Bij besluit van 30 april 2014 heeft de Belastingdienst/Toeslagen het besluit van 31 december 2013 gewijzigd in de zin dat het voorschot kinderopvangtoeslag wordt vastgesteld op € 1.315,00.
Bij uitspraak van 19 januari 2015 heeft de rechtbank het door [appellant sub 2] tegen het besluit van 5 april 2014 ingestelde beroep, alsmede het beroep van rechtswege tegen het wijzigingsbesluit van 30 april 2014, gegrond verklaard, die besluiten vernietigd en de Belastingdienst/Toeslagen opgedragen opnieuw op het door [appellant sub 2] gemaakte bezwaar te beslissen. Deze uitspraak is aangehecht.
Tegen deze uitspraak heeft de Belastingdienst/Toeslagen hoger beroep ingesteld.
[appellant sub 2] heeft een verweerschrift ingediend en incidenteel hoger beroep ingesteld.
Bij besluit van 15 april 2015 heeft de Belastingdienst/Toeslagen ter uitvoering van de uitspraak van de rechtbank opnieuw op het bezwaar van [appellant sub 2] beslist. De dienst heeft daarbij alsnog zorgtoeslag en kindgebonden budget toegekend, maar geen kinderopvangtoeslag.
De Afdeling heeft de zaak ter zitting behandeld op 10 augustus 2015 en het onderzoek geschorst, teneinde [appellant sub 2] in de gelegenheid te stellen de beheerder van de basisregistratie personen (hierna: de basisregistratie) te verzoeken in dat register een aantekening van onjuistheid op te nemen.
[appellant sub 2] heeft nadere stukken ingediend.
De Afdeling heeft het onderzoek in de zaak voortgezet ter zitting van 20 januari 2016, waar de Belastingdienst/Toeslagen, vertegenwoordigd door mr. J.H.E. van der Meer, werkzaam bij de dienst, en [appellant sub 2], vertegenwoordigd door mr. P.R.L.V.M. Kruik, advocaat te Den Haag, zijn verschenen.
Overwegingen
1. De Belastingdienst/Toeslagen heeft de voorschotten voor de tegemoetkomingen zorgtoeslag, kindgebonden budget en kinderopvangtoeslag herzien, omdat [appellant sub 2] in 2013 een toeslagpartner had, te weten [persoon], wiens handtekening op de aanvragen om die tegemoetkomingen ontbreekt.

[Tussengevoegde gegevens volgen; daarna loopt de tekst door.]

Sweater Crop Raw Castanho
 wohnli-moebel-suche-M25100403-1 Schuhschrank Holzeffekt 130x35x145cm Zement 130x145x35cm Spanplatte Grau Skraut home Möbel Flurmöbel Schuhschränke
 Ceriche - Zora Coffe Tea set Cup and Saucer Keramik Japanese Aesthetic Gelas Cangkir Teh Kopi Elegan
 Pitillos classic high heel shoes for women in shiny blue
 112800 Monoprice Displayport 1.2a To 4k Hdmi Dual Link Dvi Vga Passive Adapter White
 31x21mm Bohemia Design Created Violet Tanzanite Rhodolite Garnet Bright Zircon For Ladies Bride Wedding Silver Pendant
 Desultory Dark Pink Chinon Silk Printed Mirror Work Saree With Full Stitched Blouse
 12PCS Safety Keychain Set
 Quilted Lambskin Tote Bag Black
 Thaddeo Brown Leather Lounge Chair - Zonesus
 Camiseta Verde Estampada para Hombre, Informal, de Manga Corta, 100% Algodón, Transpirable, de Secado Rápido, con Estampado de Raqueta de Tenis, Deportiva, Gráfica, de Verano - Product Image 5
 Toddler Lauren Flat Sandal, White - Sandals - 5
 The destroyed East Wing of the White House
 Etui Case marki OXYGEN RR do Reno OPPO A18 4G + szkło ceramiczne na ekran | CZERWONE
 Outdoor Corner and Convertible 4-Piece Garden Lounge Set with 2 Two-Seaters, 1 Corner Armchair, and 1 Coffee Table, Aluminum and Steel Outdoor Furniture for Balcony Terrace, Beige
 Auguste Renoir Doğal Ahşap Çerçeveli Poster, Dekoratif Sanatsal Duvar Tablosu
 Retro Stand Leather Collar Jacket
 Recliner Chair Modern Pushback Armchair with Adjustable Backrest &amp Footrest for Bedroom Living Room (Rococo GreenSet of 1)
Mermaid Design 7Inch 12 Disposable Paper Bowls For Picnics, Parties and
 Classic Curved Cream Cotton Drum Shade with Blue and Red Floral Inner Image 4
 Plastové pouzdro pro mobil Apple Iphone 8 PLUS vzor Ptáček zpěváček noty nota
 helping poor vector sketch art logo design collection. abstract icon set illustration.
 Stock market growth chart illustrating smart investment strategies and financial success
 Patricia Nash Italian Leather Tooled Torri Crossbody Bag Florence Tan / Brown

2. De rechtbank heeft overwogen dat [appellant sub 2] met haar verklaring ter zitting en de door haar overgelegde brief van 2 oktober 2014 een begin van bewijs heeft geleverd dat [persoon] in 2013 niet op hetzelfde adres als [appellant sub 2] woonde. Uit die brief blijkt dat de Woningstichting Haag Wonen, de eigenaar van de door [appellant sub 2] gehuurde woning, tegen [persoon] een gerechtelijke procedure heeft gestart wegens woonfraude. Volgens de rechtbank heeft de Belastingdienst/Toeslagen zich daarom niet zonder meer op het standpunt mogen stellen dat [persoon] in dat jaar de toeslagpartner van [appellant sub 2] was.
3. De Belastingdienst/Toeslagen betoogt dat de rechtbank heeft miskend dat de inschrijving in de basisregistratie bepalend is. Uit de basisregistratie volgt dat [persoon] en [appellant sub 2] op hetzelfde adres stonden ingeschreven, zodat [persoon] ingevolge artikel 3, tweede lid, aanhef en onder e, van de Algemene wet inkomensafhankelijke regelingen (hierna: de Awir) de toeslagpartner van [appellant sub 2] was.
Ter zitting van 10 augustus 2015 heeft de Belastingdienst/Toeslagen verklaard dat [persoon] niet als toeslagpartner van [appellant sub 2] wordt aangemerkt, indien in de basisregistratie bij het woonadres van [persoon] een aantekening van onjuistheid is vermeld.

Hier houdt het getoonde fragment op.